Among other trends, concern about asymptomatic spread at hospitals has led to a surge in women seeking home births, even though home birth is not for everyone. It’s a viable option for low-risk women, when clear criteria for home birth candidacy are followed. But even in the best of circumstances, it comes with certain risks, like the potential need for emergency transfer to a hospital. The complications that come in such an eventuality may be increased right now, because of factors like slower ambulance response times as a result of Covid-19 delaying a needed transfer.

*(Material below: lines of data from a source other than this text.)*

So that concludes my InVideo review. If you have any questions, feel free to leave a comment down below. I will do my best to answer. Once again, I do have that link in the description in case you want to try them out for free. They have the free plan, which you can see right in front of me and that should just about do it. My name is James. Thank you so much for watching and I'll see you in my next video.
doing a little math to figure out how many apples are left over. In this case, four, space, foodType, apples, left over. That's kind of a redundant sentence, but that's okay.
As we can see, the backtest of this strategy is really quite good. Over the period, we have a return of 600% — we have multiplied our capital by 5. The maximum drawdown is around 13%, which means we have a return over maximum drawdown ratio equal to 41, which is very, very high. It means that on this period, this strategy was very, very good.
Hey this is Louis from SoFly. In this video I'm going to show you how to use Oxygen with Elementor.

More important, thinking of home birth as a way to mitigate coronavirus exposure risk is problematic. Letting someone into the home who doesn’t adhere to rigorous practices may place a woman at higher risk than being in a hospital. A midwife prominently featured in a recent New York Times article about home births said that wearing a mask “is not part of my belief system.” I shuddered when I read that.
So if we’re going to talk about belief systems, this is what I believe: The process of delivering a child is wonderful but inherently risky. Doctors and midwives who shepherd that process take our responsibility very seriously. That includes an understanding of all the factors involved in safely increasing the members of a family by, the coronavirus being only one of these factors. Women benefit from having doctors and midwives who know them well and have an established relationship with them, in delivery settings that are trusted and tested.

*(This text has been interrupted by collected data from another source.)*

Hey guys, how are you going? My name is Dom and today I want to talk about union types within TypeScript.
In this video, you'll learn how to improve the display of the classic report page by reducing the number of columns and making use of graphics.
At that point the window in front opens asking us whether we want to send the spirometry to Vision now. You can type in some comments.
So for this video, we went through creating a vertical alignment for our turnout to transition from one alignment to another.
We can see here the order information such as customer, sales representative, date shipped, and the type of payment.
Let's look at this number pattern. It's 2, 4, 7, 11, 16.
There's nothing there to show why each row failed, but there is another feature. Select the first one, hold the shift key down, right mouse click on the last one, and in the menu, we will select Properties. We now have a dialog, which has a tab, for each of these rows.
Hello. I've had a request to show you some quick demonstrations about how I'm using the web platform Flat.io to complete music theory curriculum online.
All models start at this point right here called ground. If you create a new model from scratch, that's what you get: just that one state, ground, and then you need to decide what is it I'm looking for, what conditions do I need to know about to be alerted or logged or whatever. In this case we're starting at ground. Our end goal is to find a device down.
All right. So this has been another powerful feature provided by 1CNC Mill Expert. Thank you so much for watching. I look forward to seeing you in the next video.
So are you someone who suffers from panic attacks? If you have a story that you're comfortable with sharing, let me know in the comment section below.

Patients have to make the choice of what is right for them. But a change of plans mid-pregnancy may not be in a woman’s or her baby’s best interest. While this is a world-shaking time, we will take the same care of you as we always have.
So if you choose to stay here with us, we will be here for you.
Spencer W. McClelland is a partner at NY Midtown OB/GYN and a member of the clinical faculty at Lenox Hill Hospital/Northwell Health in Manhattan.